1928 Tour of Flanders

Race details
- Dates: March 25, 1928
- Stages: 1
- Distance: 225 km (139.8 mi)
- Winning time: 6h 55' 00"

Results
- Winner / Jan Mertens (BEL)
- Second / August Mortelmans (BEL)
- Third / Louis Delannoy (BEL)

= 1928 Tour of Flanders =

The 13th edition of the Tour of Flanders cycling classic race was held on Sunday, 25 March 1928. Belgian Jan Mertens won the Monument. Of the 40 starting cyclists, 25 reached the finish.

== Route ==
The race had Ghent as both start and finish place and covered 225 km.

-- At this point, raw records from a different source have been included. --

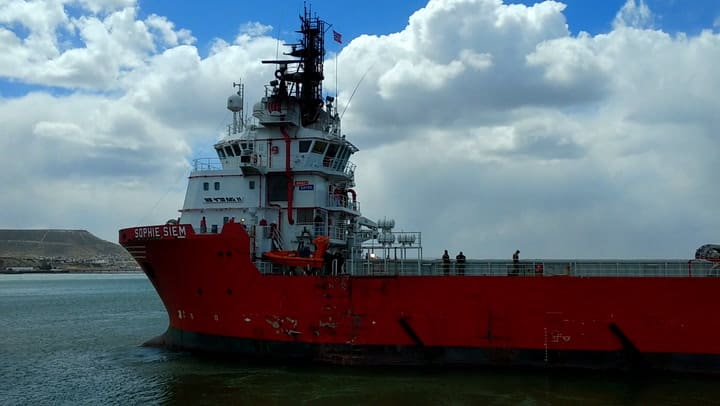 Así zarpó el minisubmarino en búsqueda del ARA San Juan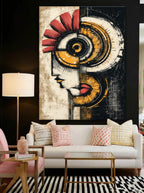 Modern Cubist Portrait – Surreal Geometric Figure Wall Art 402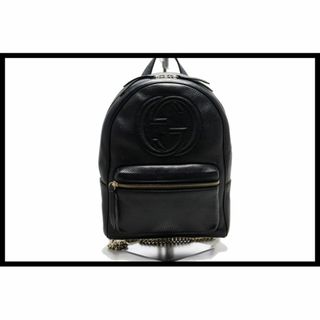 GUCCI - グッチ ソーホー チェーン リュックサック GUCCI - グッチ ソーホー チェーン リュックサック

The course featured 3 categorized climbs:

- Kwaremont
- Tiegemberg
- Kruisberg

== Race report ==
The final winner was Jan Mertens, who won in Ghent in front of his four breakaway companions. August Mortelmans finished second, while Louis Delannoy took the third place

Mertens completed the race with an average of 32.530 km/h.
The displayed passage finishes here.